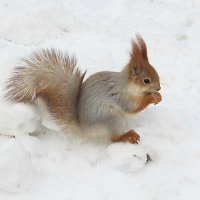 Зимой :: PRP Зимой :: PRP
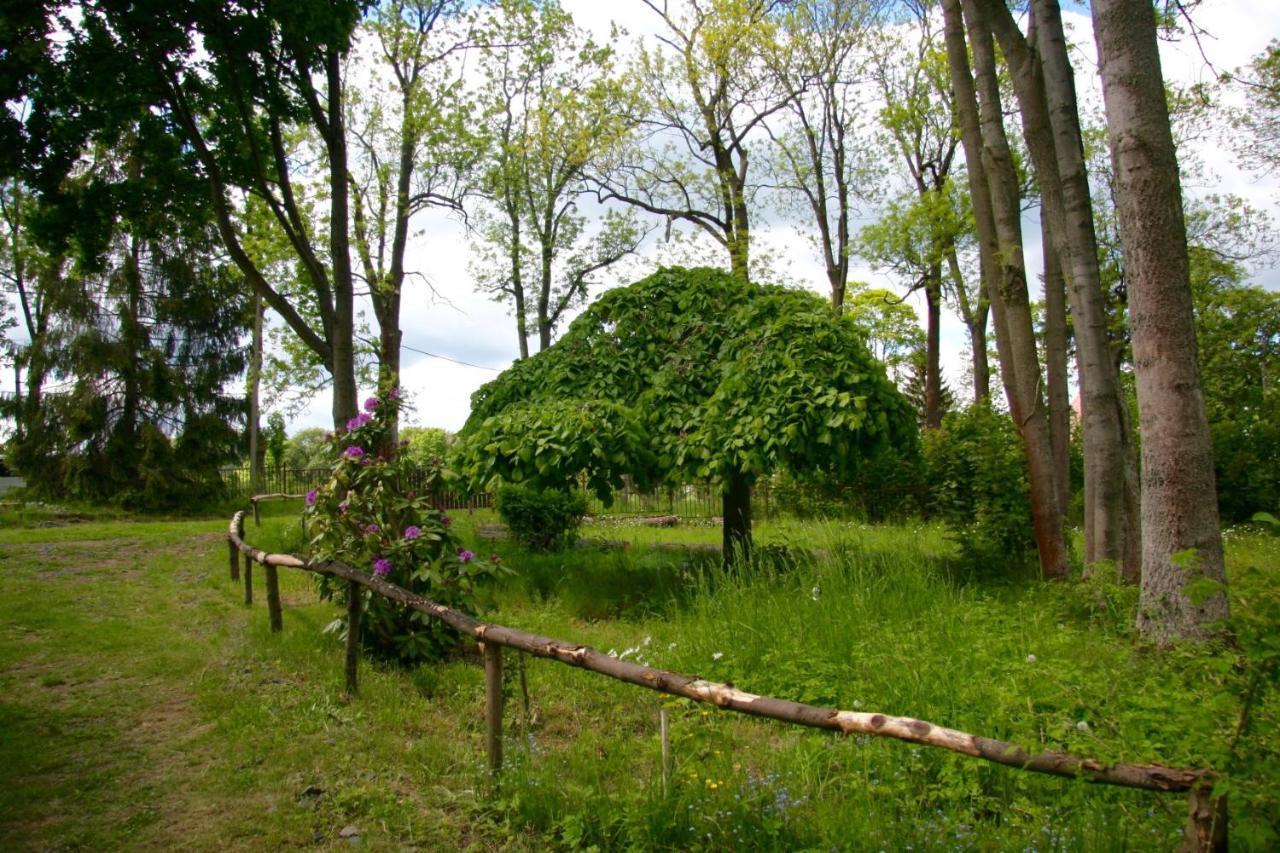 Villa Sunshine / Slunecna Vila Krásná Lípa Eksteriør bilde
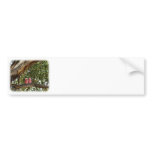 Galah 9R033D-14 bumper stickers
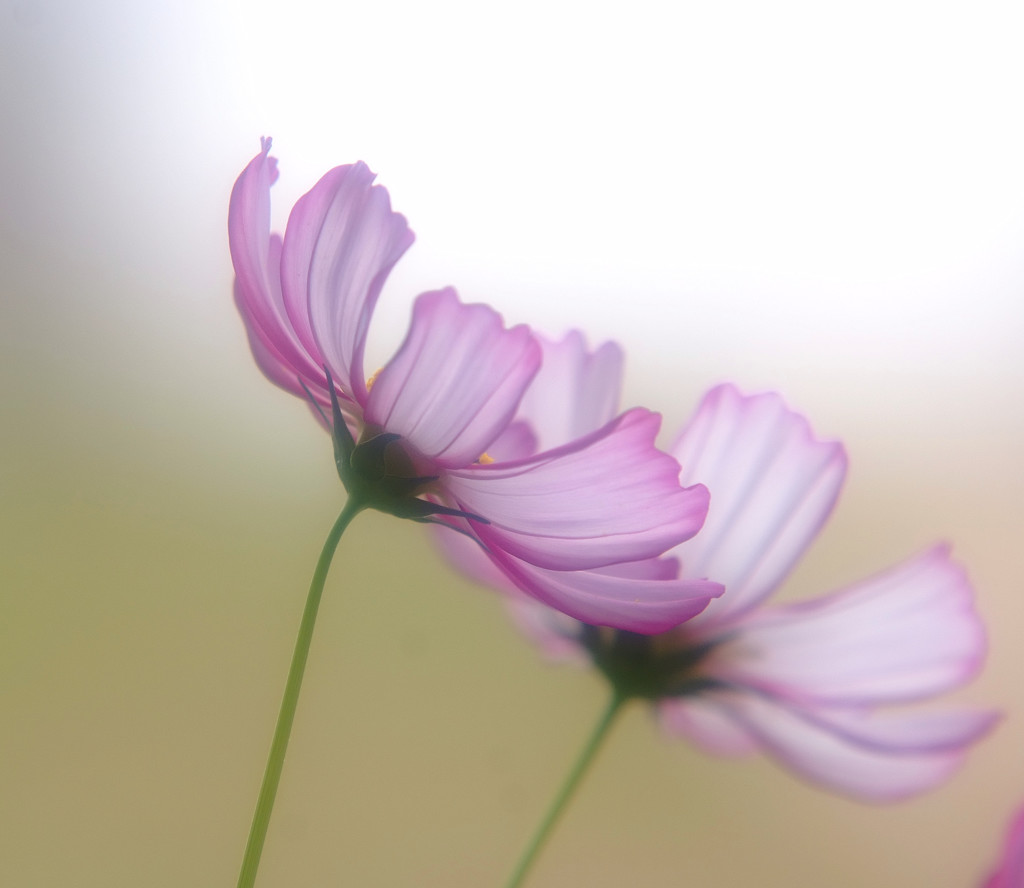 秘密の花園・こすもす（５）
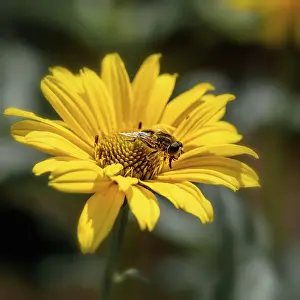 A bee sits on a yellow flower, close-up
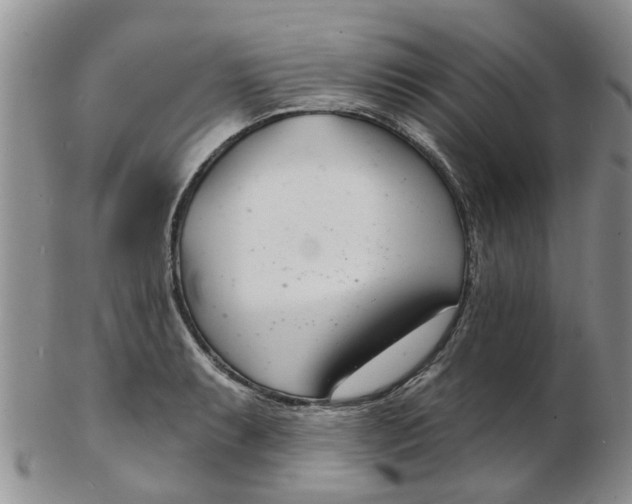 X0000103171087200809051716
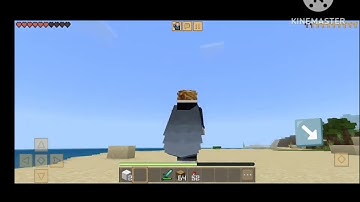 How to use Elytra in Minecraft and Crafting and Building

==========

## Activity:
Give the listing above again in its entirety, exactly as written and free of images.

## Result below:
 Зимой :: PRP Зимой :: PRP
 Villa Sunshine / Slunecna Vila Krásná Lípa Eksteriør bilde
 Galah 9R033D-14 bumper stickers
 秘密の花園・こすもす（５）
 A bee sits on a yellow flower, close-up
 X0000103171087200809051716
 How to use Elytra in Minecraft and Crafting and Building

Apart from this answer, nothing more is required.